Geliebte Zuhörer! Ich gehe nicht ein auf die besonderen Schwierigkeiten, Sorgen, Mühen und Leiden, auch nicht auf die Taten, die Erfolge und die Freuden seines Pontifikates in Metz 1901–1919. Aber ich kann mir nicht versagen, zu erinnern an den Eucharistischen Kongreß 1907, der so recht die Sonnenhöhe seines bischöflichen Lebens und Wirkens bezeichnete. Das waren noch die schönen Zeiten, wo die Katholiken der verschiedensten Nationen vor dem heiligsten Sakrament sich als Brüder fühlen und lieben konnten; es waren Tage eines himmlischen Friedens, voll wahrer Paradiesesfreude.

Die Sonne dieses Festes war und blieb bis zum Ende die Sonne seines Lebens, der Mittelpunkt und Brennpunkt seiner Diözesanregierung, die mehr auf Gebeten als auf Geboten beruhte, der Quellpunkt all des Segens seines Pontifikates in guten und bösen Tagen, im Frieden und mitten im schrecklichen Krieg.

Als aber der Krieg zu Ende war, da erging zum viertenmal an ihn der Ruf: »Veni, sequere me!« Und diesmal hatte der Ruf etwas vom Klang der »tuba mirum spargens sonum.« Komm und folge mir nach! Verlasse deine Herde, deine Diözese, deine Kathedrale, deinen Bischofssitz, verlasse alles und folge mir nach!

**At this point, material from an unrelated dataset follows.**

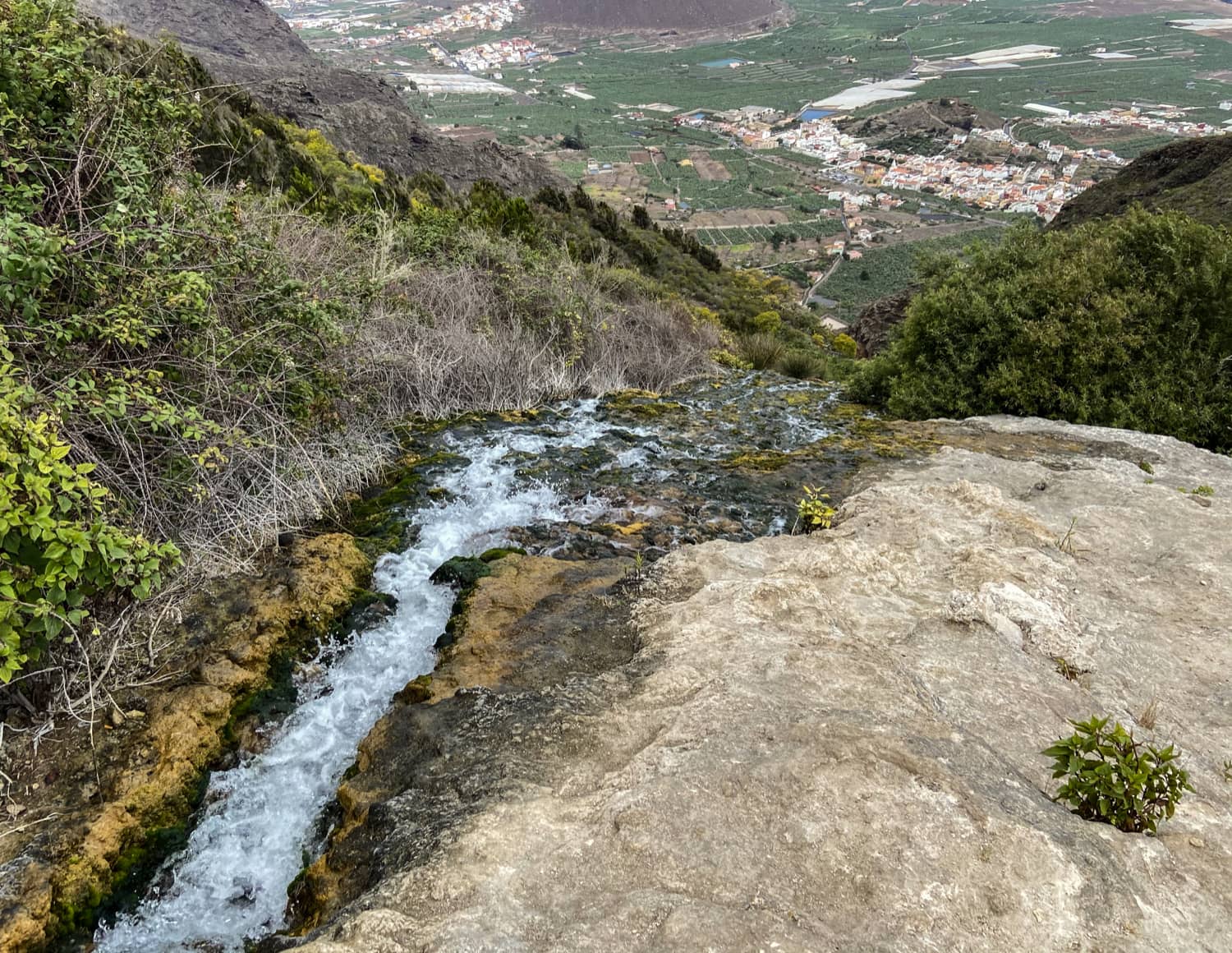 this is how the small waterfall Cascada Lomo Morín looked like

Mit der gleichen Selbstverständlichkeit, mit der er den früheren Rufen sich gefügt hatte, folgte er auch diesem letzten. Er verließ alles und pochte an derselben Klosterpforte wiederum und bat bescheiden um Aufnahme, kaum sich würdig erachtend der hohen

Empfohlene Zitierweise:
Willibrord Benzler: Erinnerungen aus meinem Leben. Kunstverlag, Beuron 1922, Seite 230. Digitale Volltext-Ausgabe bei Wikisource, URL: https://de.wikisource.org/w/index.php?title=Seite:De_Benzler_Leben_230.jpg&oldid=- (Version vom 31.7.2018)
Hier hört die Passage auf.